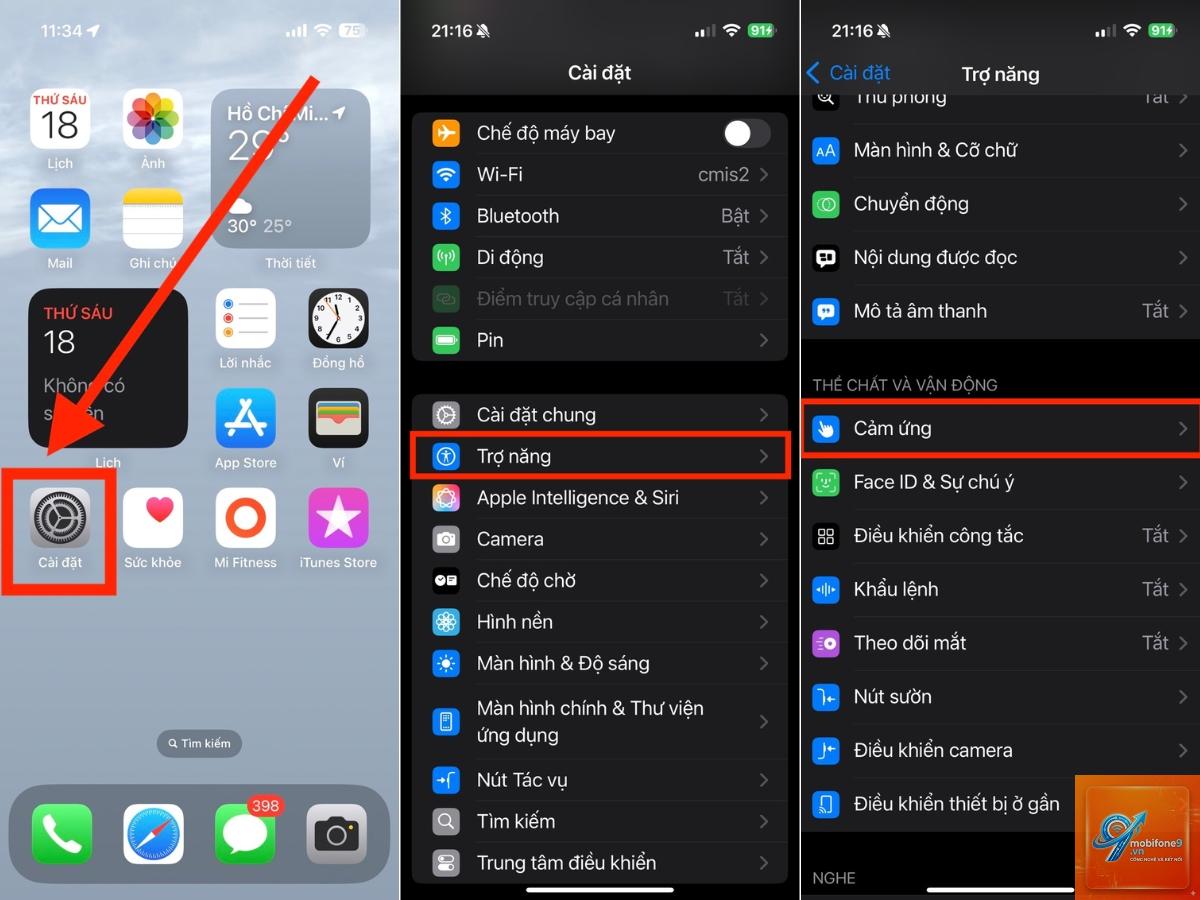 cách tạo phím tắt gọi điện iphone - Hình 3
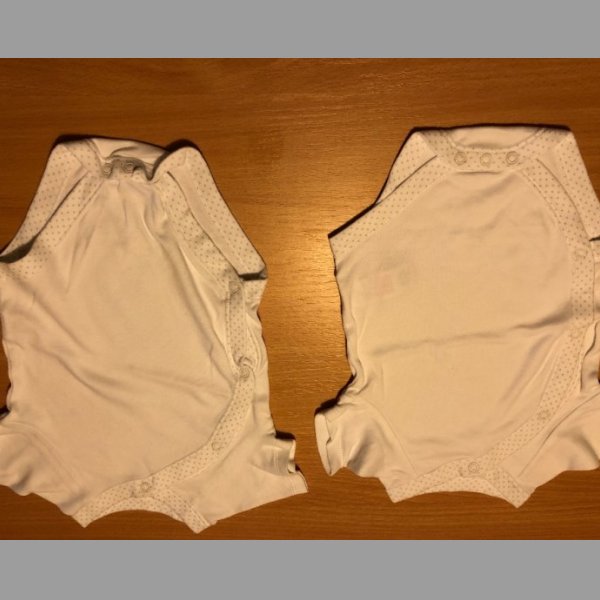 Kojenecne body s kratkym rukavem 6-9m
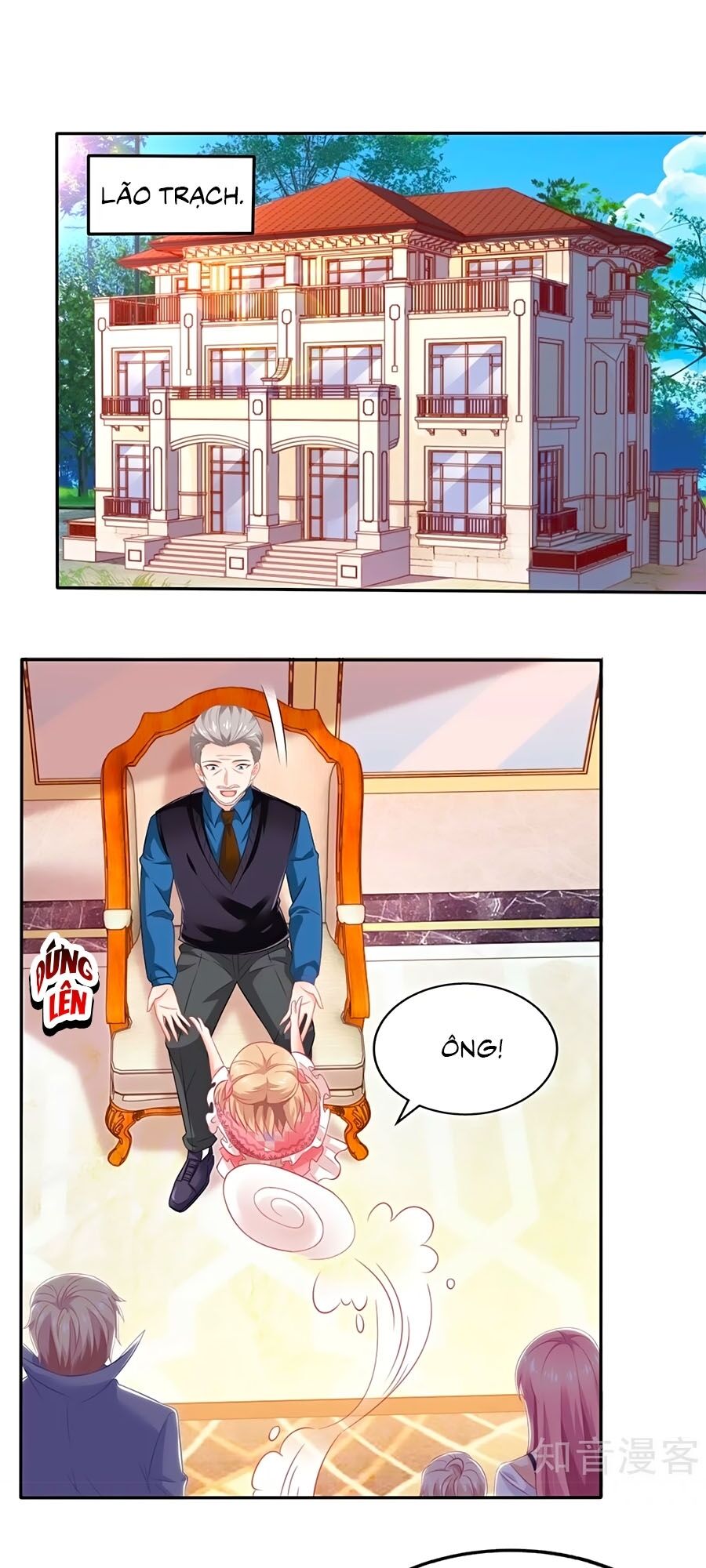 Một Thai Hai Bảo : Đưa Mami Về Nhà ! Chapter 240 - Trang 2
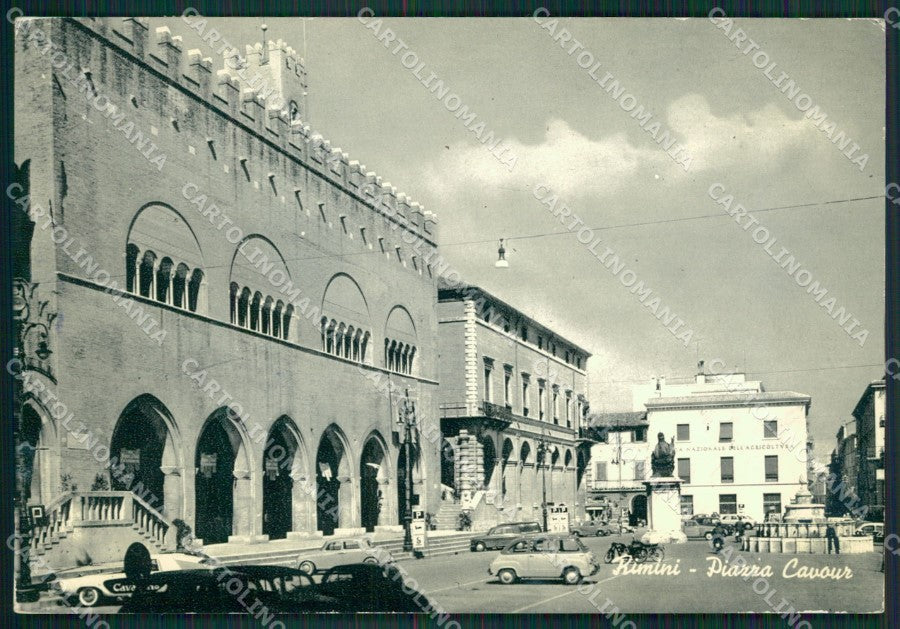 Rimini Città Auto Foto FG cartolina KV6979 – fronte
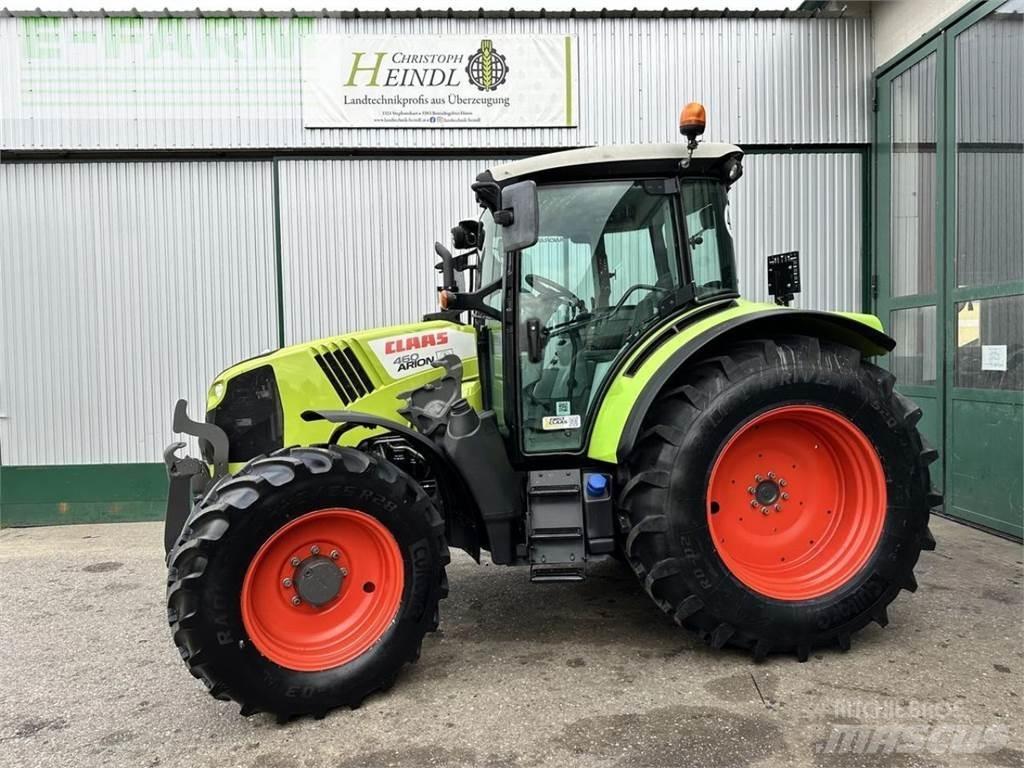 CLAAS arion 460 Traktory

+++++

▶ _Exercise goal_
Leave out the pictures, and write out exactly the lines from the one containing "Kojenecne body s kratkym rukavem 6-9m" through the last line of the listing, both included.

▶ _Solution to the exercise_
 Kojenecne body s kratkym rukavem 6-9m
 Một Thai Hai Bảo : Đưa Mami Về Nhà ! Chapter 240 - Trang 2
 Rimini Città Auto Foto FG cartolina KV6979 – fronte
 CLAAS arion 460 Traktory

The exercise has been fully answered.